Being the Further Adventures of The Treasure Seekers
“We are the Bastables—Oswald, Dora, Dicky, Alice, Noel, and h. o. If you want to know why we call our youngest brother h. o. you can jolly well read
The Treasure Seekers,
and find out. We were the Treasure Seekers, and we sought it high and low, and quite regularly, because we particularly wanted to find it. And at last we did not find it, but we were found by a good, kind Indian uncle, who helped Father with his business, so that Father was able to take us all to live in a jolly big red house on Blackheath, instead of in the Lewisham Road, where we lived when we were only poor but honest Treasure Seekers.”
In this second novel about the Bastable children, the former Treasure Seekers are joined by the Robber’s two children, Daisy and Denny. The eight children manage to unintentionally get themselves into a major scrape in the very first chapter:
“We had no clothes on to speak of—I mean us boys. We were all wet through. Daisy was in a faint or a fit, or dead, none of us then knew which. And all the stuffed animals were there staring the uncle in the face. Most of them had got a sprinkling, and the otter and the duck-bill brute were simply soaked. And three of us were dark brown.
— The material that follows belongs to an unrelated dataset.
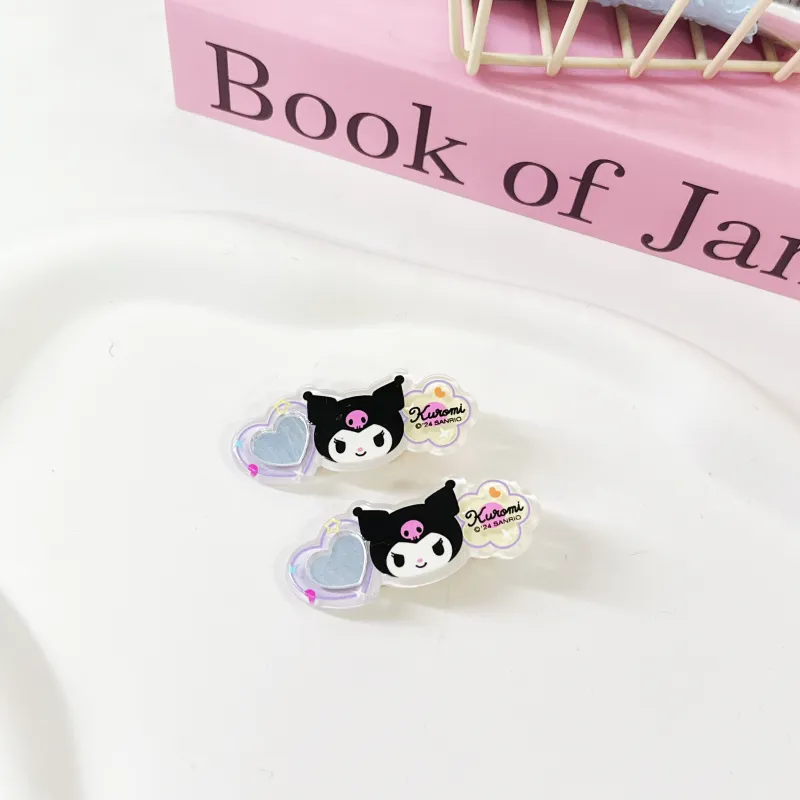 Sanrio Acrylic Hair Clips Women's-1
Concealment, as so often happens, was impossible.”
Consequently, they are all exiled to the country home of Albert-Next-Door’s Uncle, there to stay until they “had grown into better children.”
The rest of the novel relates all of the (mis)adventures the children stumble into in their quest to be good.
Caution:
Chapter 5 contains one instance of the offensive “n” word to describe how hard the children are working.